Satsuma, also known as Citrus unshiu is a commonly grown species of orange fruits that are easy to peel and are seedless in nature. They originated in Japan where the trees are called the "unshu mikan" or mikan and the "Seedless mandarin". The fruits are extremely sweet and seedless but smaller than the normal sized oranges and they flaunt a leathery skin. Even though the skin is leathery in texture, it is very sensitive to bruising and because it is easy to peel, it can get damaged due to poor handling, leaving the fruit exposed.
The Satsuma trees usually require a lot of sunlight for growth and thus they are grown in areas where there are considerable amounts of sunlight (high temperatures). But they can survive in -9 degrees C for a small duration of time and they are woody in nature, without thorns. The Satsuma trees are usually grafted for growth as the seeds of these trees take about 8 to 9 years for complete development.

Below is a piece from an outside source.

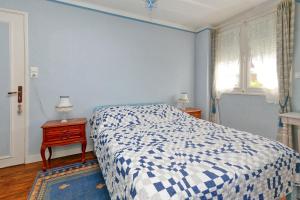 a blue bedroom with a bed and a table with a night stand at La Renardière - Chambre in Férel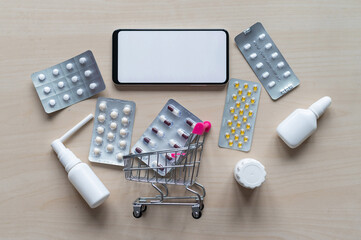 Online pharmacy. Smartphone app for buying medicine. Top view of a mini shopping trolley with tablet blisters and a telephone.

Growing Satsuma Orange Trees
When you look at a full-grown orange tree, it looks fresh with long dark green shiny leaves and bright orange fruits dangling from the branches. This look is very easy to achieve when you plant a Satsuma orange tree, as these trees are beautiful when fully developed. They are therefore used as garden trees, but only in areas of high temperatures and the climate is semitropical.
The Satsuma orange trees are slightly shorter than the other orange trees, about 4 to 6 ft with a more woody and hard bark. They can't withstand a very cold climate during their growth phases but can stand it after they are completely mature. They are summer trees and require 7 to 8 hours of sunlight every day.
- A 20 gallon container
- Sapling of the Satsuma Orange
- Potting mix
- Sphagnum peat moss
- To start, you can purchase a Satsuma orange sapling planted in a plastic container which is 5 gallon, from a nursery as growing the plant from seeds may take a long time. Therefore, you can look for a good nursery and make sure the sapling is well watered and fed.
- The 20 gallon plastic container, where you will grow the orange tree in, should have holes for aeration and drainage. You can then add the potting mix along with the sphagnum peat moss, to make the growth medium rich in nutrients for the sapling to grow. But make sure you don't use regular soil and mix with the two growth ingredients.
- Add the fertilizer which is required to provide the food for the plant to the potting mix and mix all these ingredients together, so that they are evenly distributed throughout the medium. Transplant the young sapling from the 5 gallon container along with its roots into the new prepared 20 gallon container.
- Water it thoroughly after the potting process is over, and place it in a well heated area which receives sunlight for 7 to 8 hours of the day. When the temperatures fall below 0 degrees C you can bring the container indoors and place it at 30 degrees F.
- Make sure you don't over water this citrus fruit tree as it doesn't require too much water. You can water it only when the potting mix is extremely dry. Add the same fertilizer regularly, before or after you water the plant. Keep digging the mix slightly at least twice in a week so that the roots are well aerated and receives the required nutrition evenly.
- When the Satsuma tree grows up to the height of about 4 to 6 feet, you will start noticing tiny green colored orange fruits which ripen over a duration into a juicy and well shaped yield. You can take appropriate care of Satsuma orange trees to get better yield.